Since the boy is being a gooseberry, Charlie invites him to play blind man’s bluff — binding his eyes and sending him outside, where he is imperilled by traffic. David Robinson says this as an interesting experiment in black comedy, I just find it obnoxious. It’s further evidence of Chaplin’s creative crisis, since he’s usually careful to seem sympathetic, at least since the Mutual period.

Still, this undercuts the fairly anemic romance stuff. Charlie presents Edna with an engagement ring, and sings mutely as she plays piano. Then he attempts a gag that would work better as a variation in MONSIEUR VERDOUX — finding a flat note, Charlie excites a tiny goat living behind the piano (!) which baahs each time he hits the note, causing him to think the piano is making goat bleats. This is quite funny but, though you don’t need the sounds to understand it, it would be funnier with the sounds.
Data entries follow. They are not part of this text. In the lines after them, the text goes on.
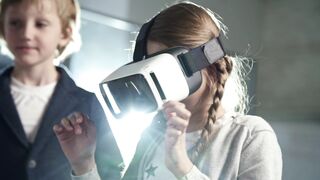 A Girl Wearing A Virtual Reality Headset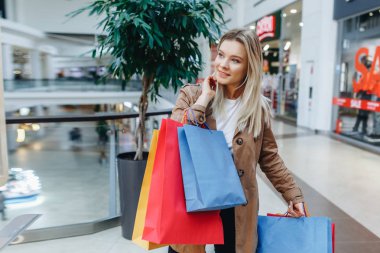 Alışveriş merkezinde kahverengi pelerinli güzel sarışın kadın portresi butiklerin arka planda poz. Alışveriş merkezinde alışveriş poşetleri olan ve kenara bakan bir kadın. Sol taraftaki alanı kopyalama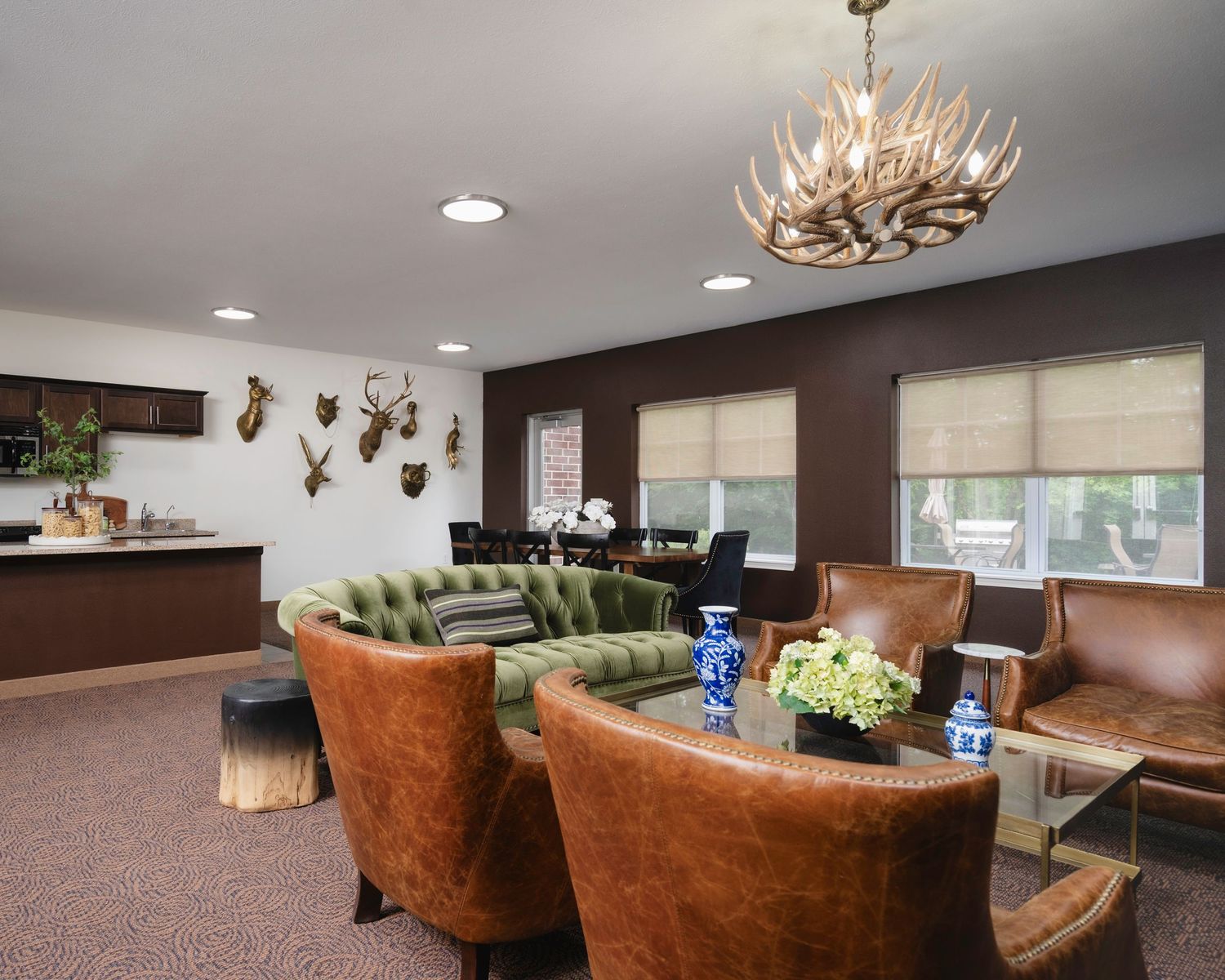 Rustic lodge lounge with leather chairs, green velvet sofa, antler chandelier, animal mounts, and a bar area on brown carpet.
The gag develops smartly: a much larger goat appears, and Charlie is even more confused. The goat can also eat the sheet music which isn’t as clever but it’s logical.

Moderately funny business back at the hotel with Charlie cleaning up: picking up tiny invisible specks of dirt and carrying them to a single place.

Enter Tom Terriss as a young man in spats — “the city chap.” SUNNYSIDE as distaff version of SUNRISE. He enters the movie crashing his car into Sunnyside. He’s carried into the hotel by the fat boy, who is, it seems, Tom Wood and not J. Park Jones as previously reported. And Charlie innocently tries to get the comatose city chap to sign the register.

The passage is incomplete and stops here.